* [Task description]:
The listing is to be repeated exactly, and its pictures are to be left out.

* [Input data]:
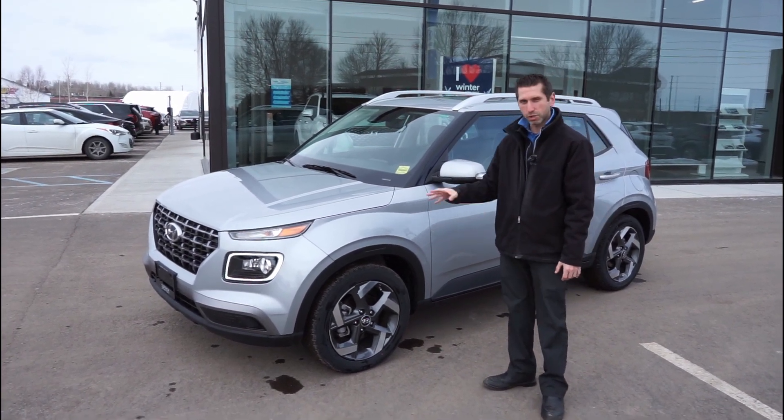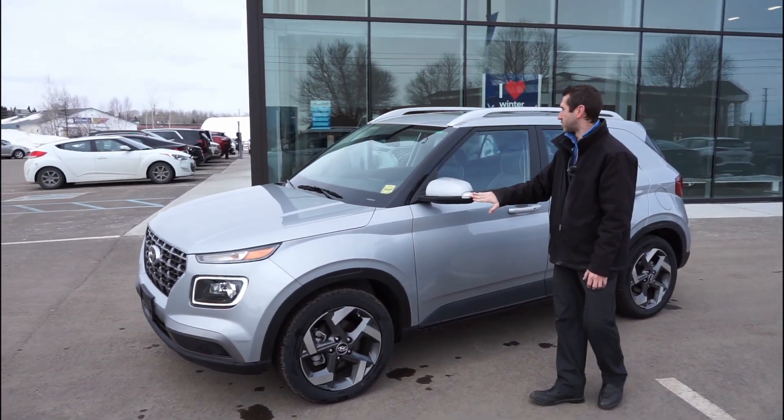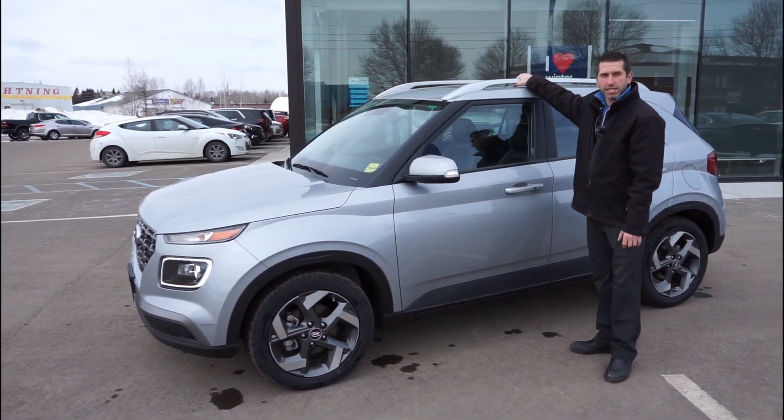As you can see, this one's equipped with 17-inch alloy wheels. It's got the turn signals on the side here as well, and it's got the roof rails.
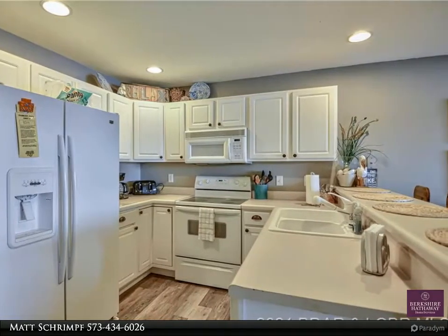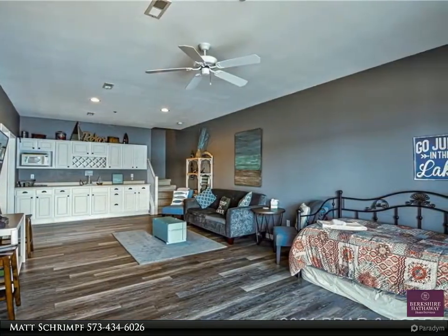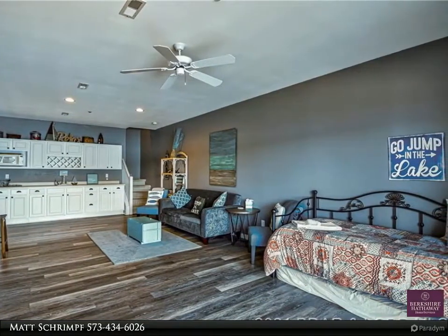One of the more livable floor plans at The Ledges, with three bedrooms, two of them being masters with adjoining baths, and both a living and family room. Plenty of space for entertaining, and this condo can sleep a ton.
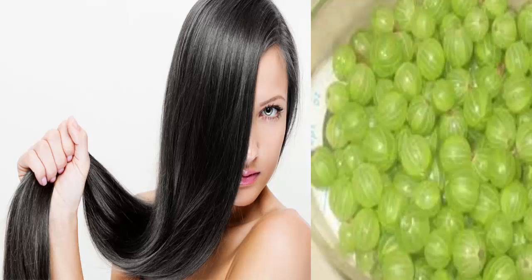How to fix damaged hair at home with gooseberries. Damaged hair can be cured with little effort and without using chemical treatments or spending loads of money. Brittle hair, dandruff, hair fall, dry hair, etc. are all common hair woes in today's age.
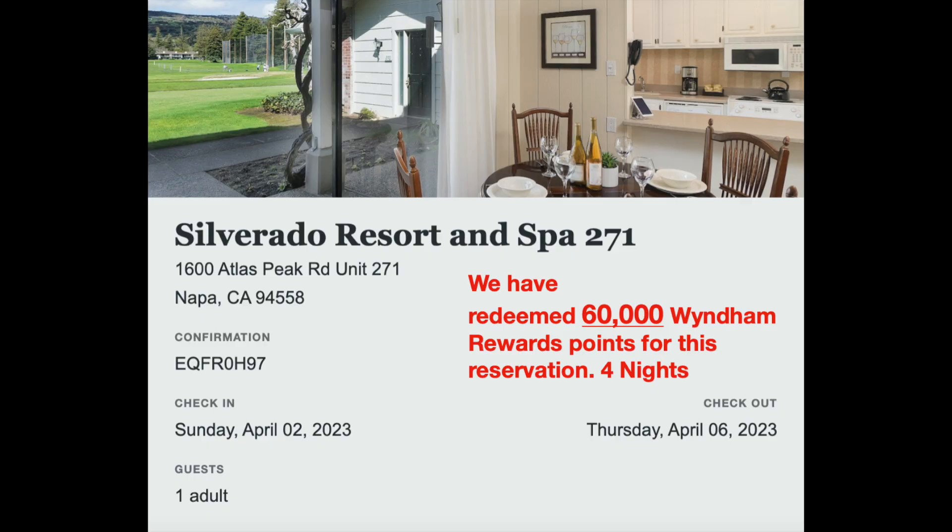So the cost to stay at the Silverado Resort and Spa — unit 271 — is free. I used 60,000 Wyndham Rewards points. This is a one bedroom, and you can book it at 15,000 points per night. Since it was a four day reservation, that made it a total of 60,000 points. So please remember to take those points when you do any owner updates.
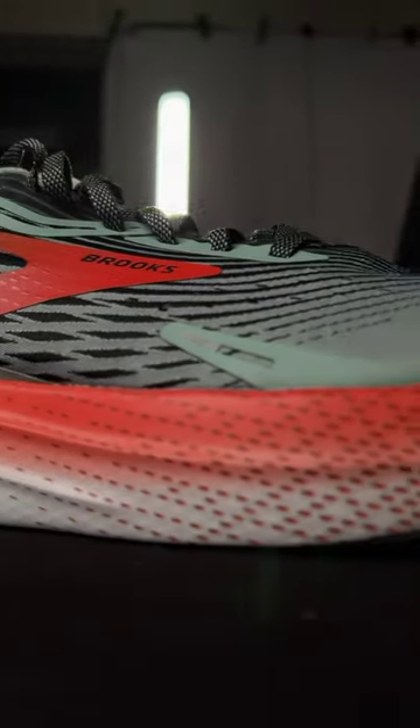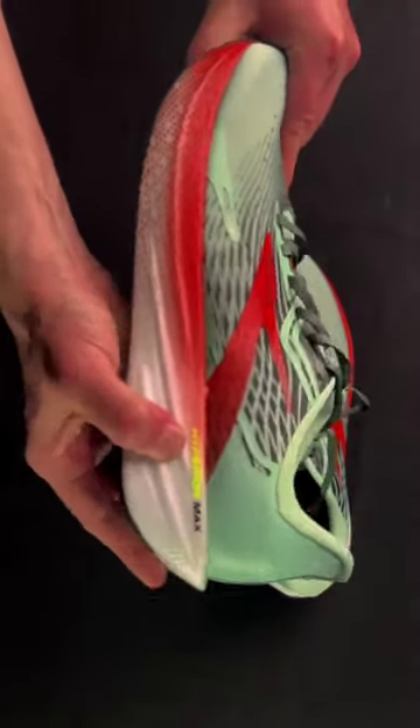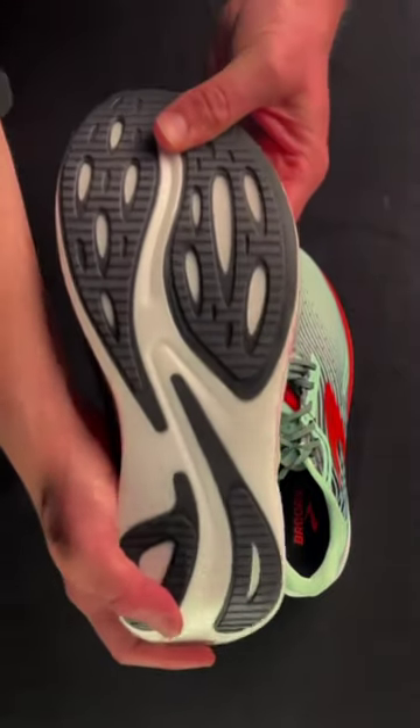By creating an ecosystem within its lineup, could Brooks soon be looking to do the same with its blockbuster shoes like the Glycerin and Ghost, by offering different shoes within those lineups?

* [Your response]:
As you can see, this one's equipped with 17-inch alloy wheels. It's got the turn signals on the side here as well, and it's got the roof rails.
One of the more livable floor plans at The Ledges, with three bedrooms, two of them being masters with adjoining baths, and both a living and family room. Plenty of space for entertaining, and this condo can sleep a ton.
How to fix damaged hair at home with gooseberries. Damaged hair can be cured with little effort and without using chemical treatments or spending loads of money. Brittle hair, dandruff, hair fall, dry hair, etc. are all common hair woes in today's age.
So the cost to stay at the Silverado Resort and Spa — unit 271 — is free. I used 60,000 Wyndham Rewards points. This is a one bedroom, and you can book it at 15,000 points per night. Since it was a four day reservation, that made it a total of 60,000 points. So please remember to take those points when you do any owner updates.
By creating an ecosystem within its lineup, could Brooks soon be looking to do the same with its blockbuster shoes like the Glycerin and Ghost, by offering different shoes within those lineups?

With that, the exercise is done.